What you will do.
Each line starting at the one that contains "Novel Coronavirus Imaging" and ending at the one that contains "Jaw Reduction Before & After" must be returned exactly, and the rest of the listing is left out.

____ Records supplied

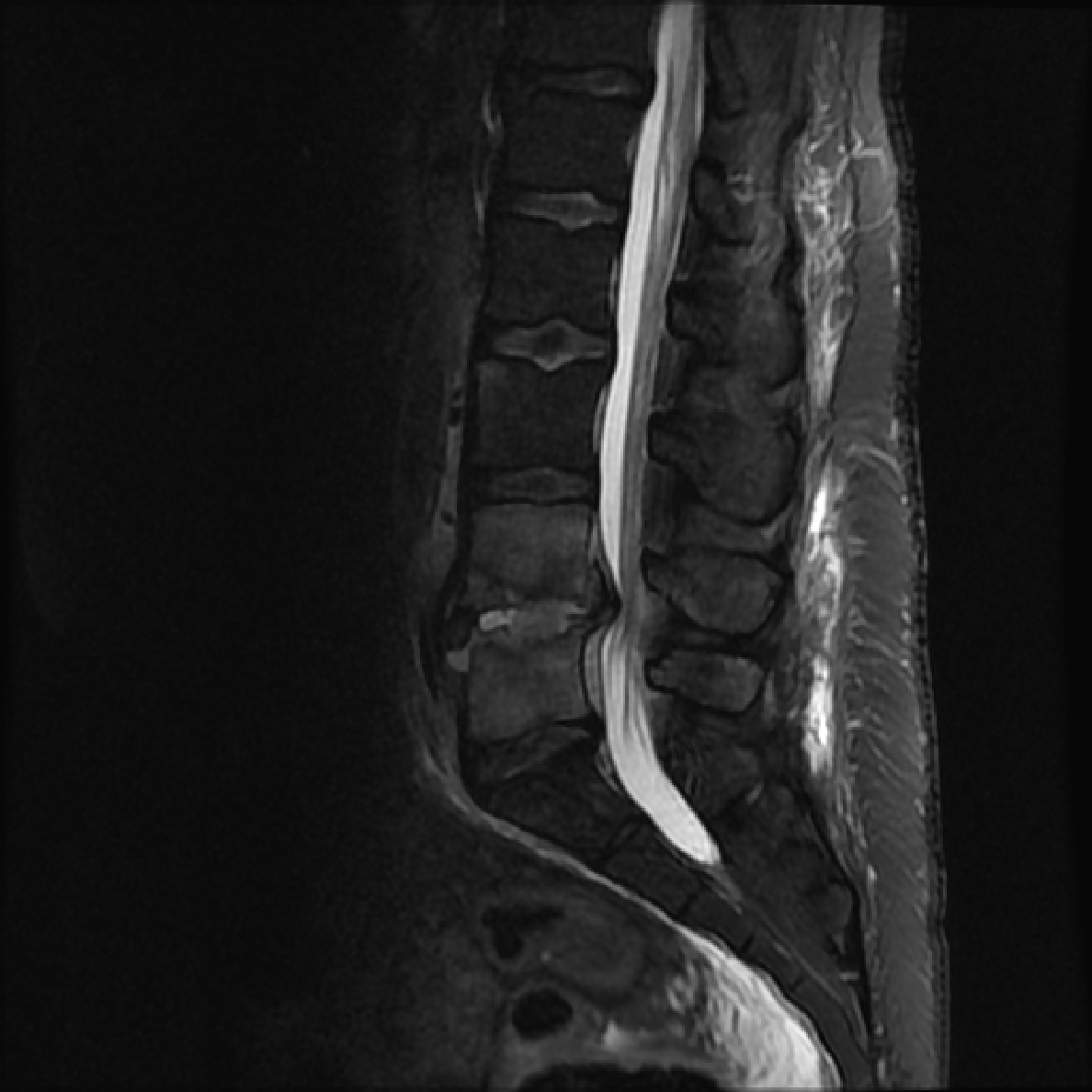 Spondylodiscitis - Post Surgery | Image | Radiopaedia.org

________
____ Records supplied

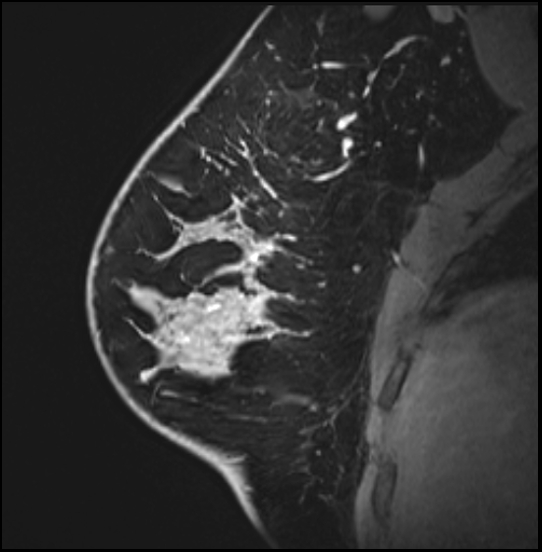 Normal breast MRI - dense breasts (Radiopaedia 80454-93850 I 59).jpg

________
____ Records supplied

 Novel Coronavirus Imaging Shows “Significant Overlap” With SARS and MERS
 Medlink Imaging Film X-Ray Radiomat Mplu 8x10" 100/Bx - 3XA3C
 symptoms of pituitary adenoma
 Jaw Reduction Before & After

________

Response area.
 Novel Coronavirus Imaging Shows “Significant Overlap” With SARS and MERS
 Medlink Imaging Film X-Ray Radiomat Mplu 8x10" 100/Bx - 3XA3C
 symptoms of pituitary adenoma
 Jaw Reduction Before & After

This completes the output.